News • Überraschender Fund

Können uns Viren in die Psychiatrie bringen?

Die Entstehung psychiatrischer Erkrankungen gibt Wissenschaftlern nach wie vor Rätsel auf. Jetzt haben Forscher der Universität Würzburg eine mögliche Ursache gefunden, die bislang noch überhaupt nicht mit derartigen Störungen in Verbindung gebracht wurde: Demnach könnte eine Unterart des menschlichen Herpesvirus für Depressionen, bipolare Störungen und ähnliche Krankheitsbilder eine wichtige Rolle spielen.

Quelle: AG Prusty

Purkinje-Zellen sind ein wichtiger Bestandteil des menschlichen Kleinhirns – dort, wo das motorische Lernen und die Feinsteuerung von Muskelspannung und Bewegungen koordiniert wird, aber auch Gefühle, Wahrnehmung, Gedächtnis und Sprache sind dort "zuhause". Wissenschaftler vom Institut für Virologie und Immunbiologie der Universität Würzburg haben jetzt gemeinsam mit Kollegen in den USA eine überraschende Entdeckung in diesen Nervenzellen gemacht: Bei Patienten mit bipolaren und schweren depressiven Störungen fanden sie erstmals in Purkinje-Neuronen eine hohe Infektionsrate mit dem menschlichen Herpesvirus HHV-6. Verantwortlich für diese Studie war Dr. Bhupesh Prusty, Gruppenleiter am Lehrstuhl für Mikrobiologie; die Ergebnisse ihrer Studie haben die Wissenschaftler jetzt in der Fachzeitschrift Frontiers in Microbiology veröffentlicht.

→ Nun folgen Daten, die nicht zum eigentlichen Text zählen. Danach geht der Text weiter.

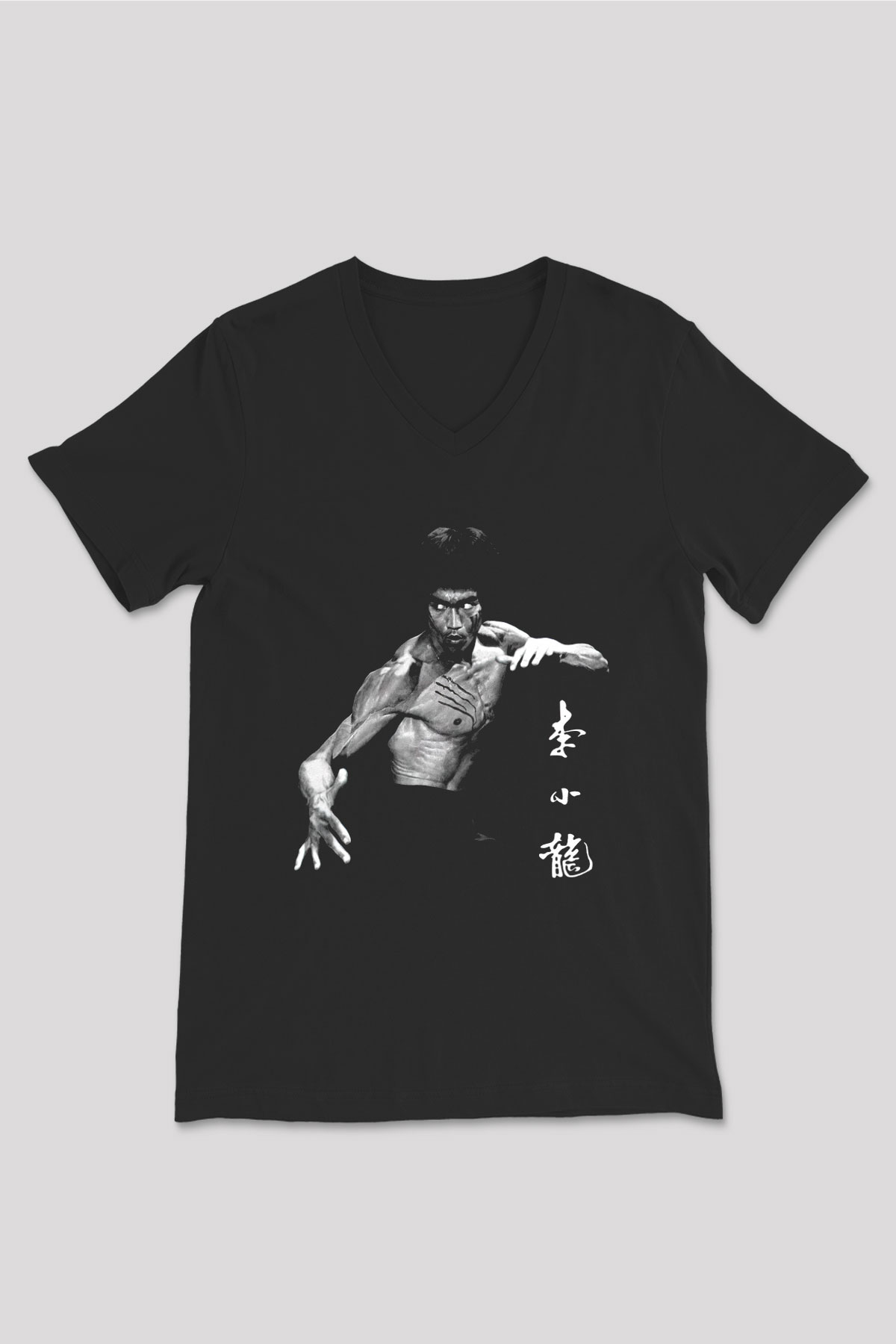 Bruce Lee Siyah Unisex V Yaka Tişört T-Shirt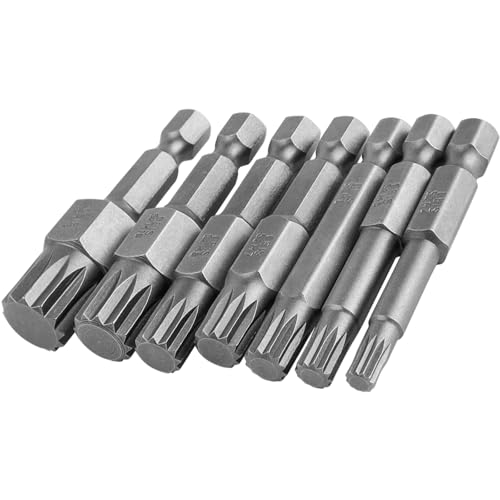 Mesee 7 Pieces 50mm Triple Square Spline Bit Set Quick Change 1/4" Hex Shank 12-Point Spline Drive Bits M4 M5 M6 M7 M8 M10 M12 Magnetic Screwdriver Bits for Mechanic Garage Repair Tools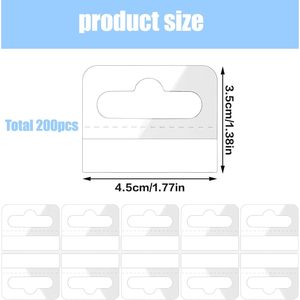 Clear Plastic Hang Tags 200 Pack Self <b>Adhesive</b> Rectangle Waterproof For Retail Store Display - Product Image 2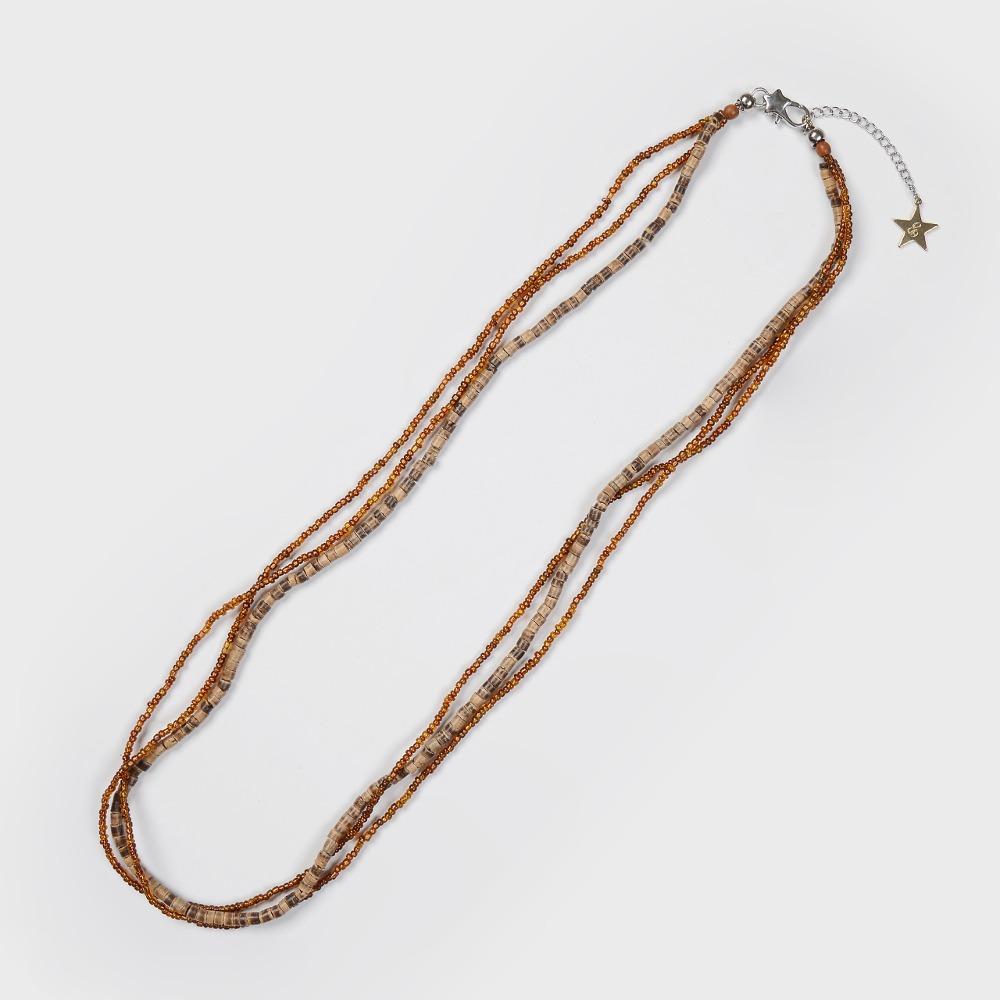 WOOD BEADS MIX LONG NECKLACE (BROWN)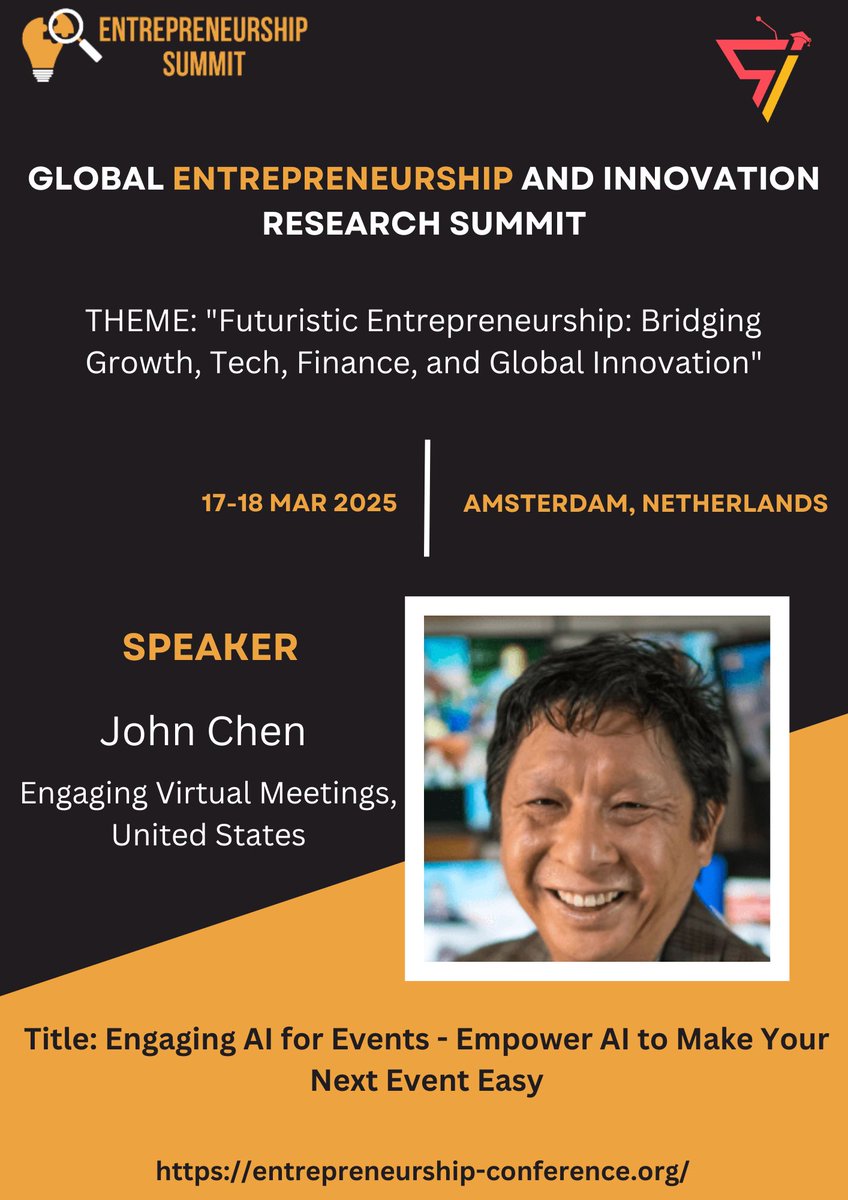 Conference2k25's tweet image. 🌟 Exciting news! 🌟

We&apos;re thrilled to welcome John Chen from Engaging Virtual Meetings as a featured speaker at the Entrepreneurship Summit 2025!

🗓️ March 17-18, 2025
📍 Amsterdam, Netherlands
Stay updated: entrepreneurship-conference.org

#Entrepreneurship2025 #Innovation #Summit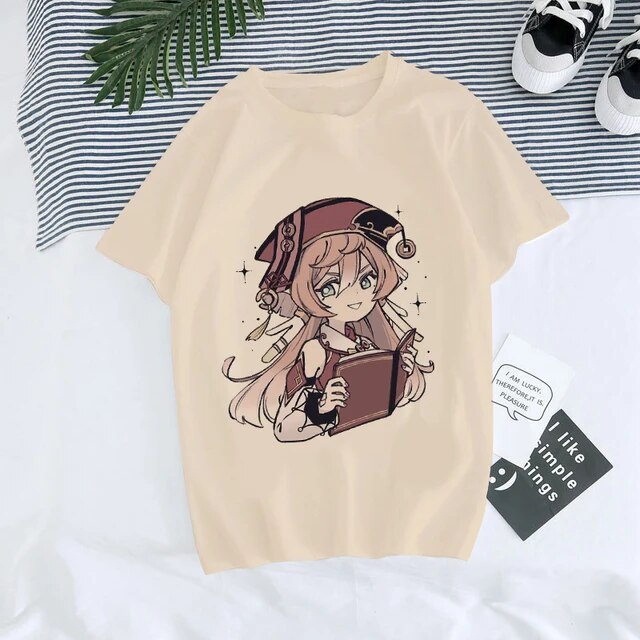 Genshin Impact Hu Tao Xiao Kawaii Graphic Tee Unisex Streetwear Style 31011 Lifestyle Photo TeenStylo
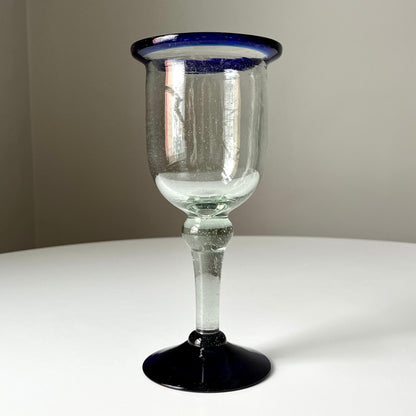 Hand Blown Cobalt Blue Wine Glasses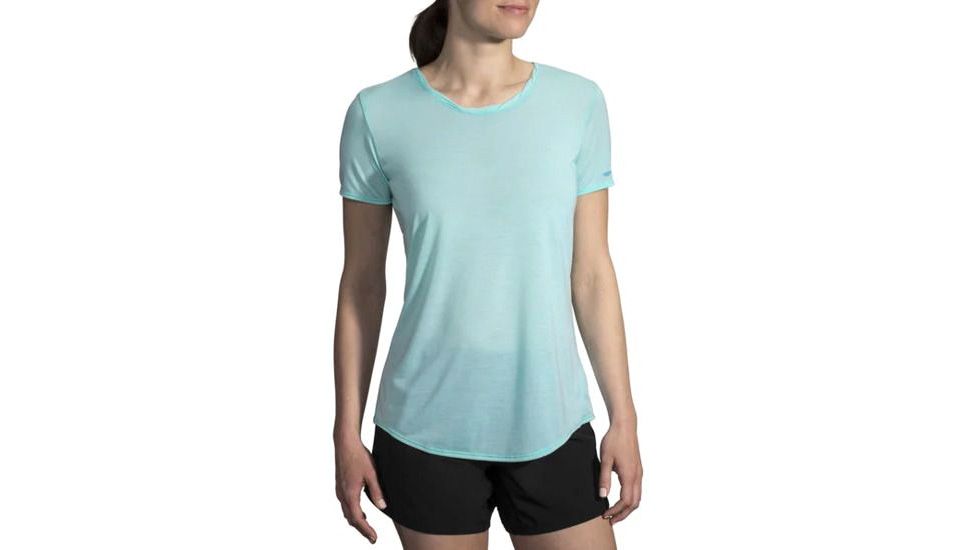 Brooks Distance Short Sleeve - Womens, Heather Ice, Small, 221344445.025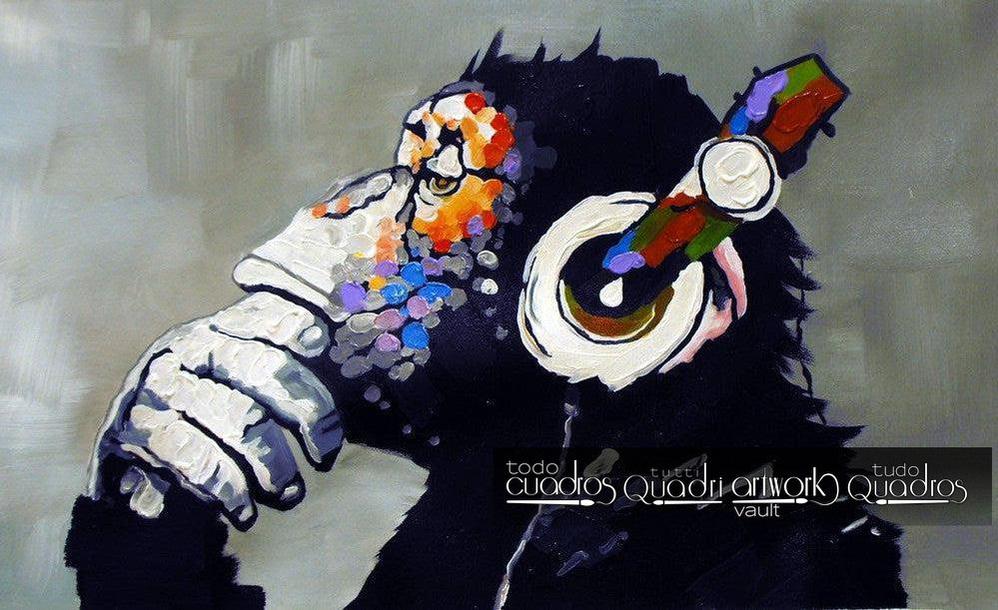 Chimpancé con música, óleo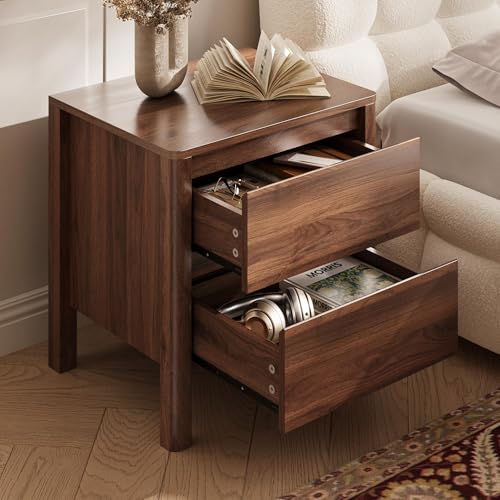Image of MAISONARIA Walnut Nightstands Set of 2, Mid Century Modern Bedside Table with Hidden Handles and Wood Legs, Wooden End Table with 2 Drawers for Bedroom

Viren können die Entwicklung von Nervenzellen stören und die Interaktion mit dem Immunsystem in wichtigen Entwicklungsstadien behindern

Bhupesh Prusty

„Es ist schon seit Längerem bekannt, dass erbliche Faktoren das Risiko erhöhen, an verschiedenen Arten psychiatrischer Störungen wie beispielsweise bipolaren Störungen, schwere Depressionen und Schizophrenie zu erkranken“, erklärt Bhupesh Prusty. Daneben habe es allerdings immer wieder auch Hinweise darauf gegeben, dass Umweltfaktoren in dem Krankheitsgeschehen eine Rolle spielen können – vor allem, wenn sie in jungen Jahren eine Entzündung im Nervensystem verursachen. Viren sind solch ein Umweltfaktor. „Viren können die Entwicklung von Nervenzellen stören und die Interaktion mit dem Immunsystem in wichtigen Entwicklungsstadien behindern“, erklärt Prusty. Wenn solch eine Infektion in der frühen Kindheit auftritt, geht sie zwar in den meisten Fällen spurlos vorüber. Allerdings verharren die Viren in verschiedenen Organen und Geweben, einschließlich des zentralen Nervensystems und der Speicheldrüsen, und werden unter bestimmten Umständen auch nach Jahren wieder aktiv.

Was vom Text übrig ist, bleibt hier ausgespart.